Tabular Layout (Table Extract Method)

From Grooper Wiki
Revision as of 16:21, 4 November 2025 by Rpatton (talk | contribs)

WIP

This article is a work-in-progress or created as a placeholder for testing purposes. This article is subject to change and/or expansion. It may be incomplete, inaccurate, or stop abruptly.

This tag will be removed upon draft completion.


This article is about the current version of Grooper.
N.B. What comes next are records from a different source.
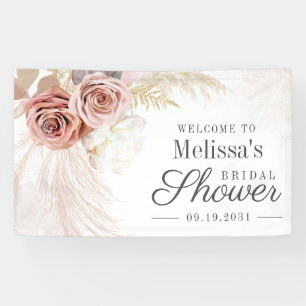 Pampas Grass Tan Bridal Shower Welcome Banner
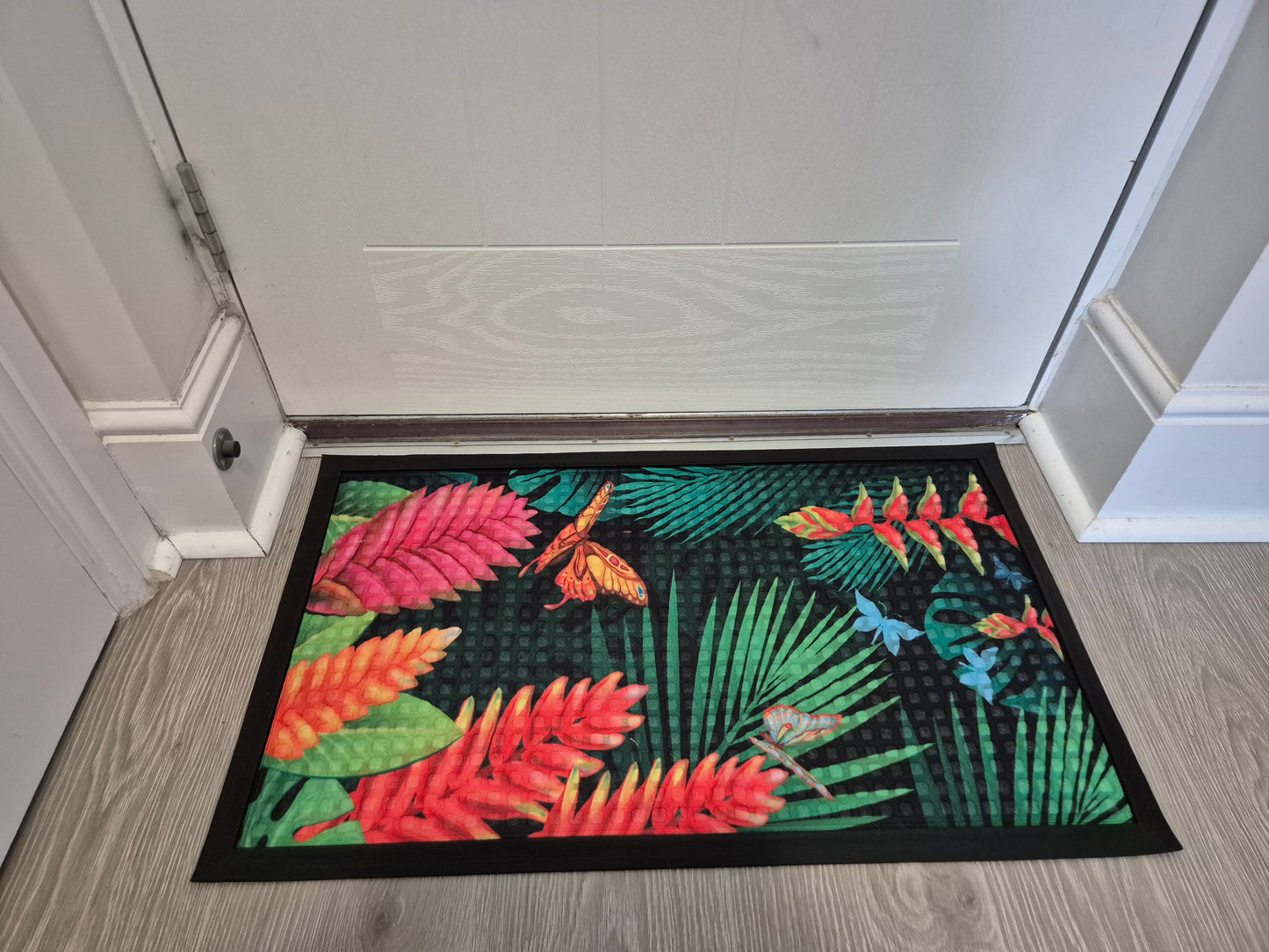 Tropical Flower Butterfly Print Embossed Textured Door Mat (45cm x 75cm)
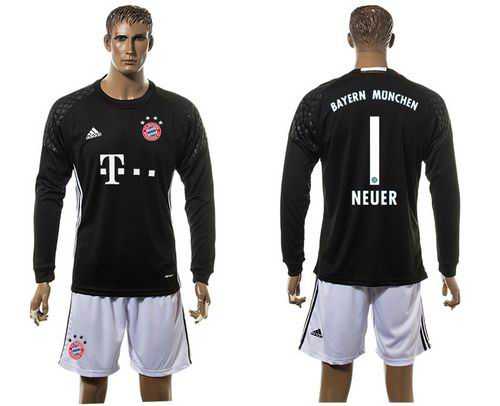 Bayern Munchen #1 Neuer Goalkeeper Black Long Sleeves Soccer Club Jersey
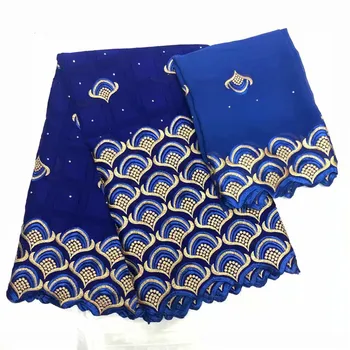 

Soft Royal Blue African Lace Fabric 2019 High Quality Lace Swiss Nigeria Swiss Voile Lace 5+2 yards Chiffon French Tulle Fabric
Note that some content may still need to be updated.

20252024 20232021

Tabular Layout is a Table Extract Method that uses column header values determined by the view_column Data Columns Header Extractor results (or labels collected for the Data Columns when a Labeling Behavior is enabled) as well as Data Column Value Extractor results to model a table's structure and return its values.

Introduction

The Tabular Layout Table Extract Method is a powerful tool in Grooper for extracting structured tabular data from documents. It automatically detects table headers, rows, and footers using a combination of value extractors and layout analysis. Tabular Layout is ideal for documents where tables are clearly defined, such as invoices, statements, and reports.

Unlike other Table Extraction Methods (such as Row Match or Delimited Extract), Tabular Layout leverages header and footer labels, supports multi-line and stacked layouts, and provides advanced configuration for handling complex table structures.

When to use

Tabular Layout is best used when:

  • Tables have clearly defined headers and rows.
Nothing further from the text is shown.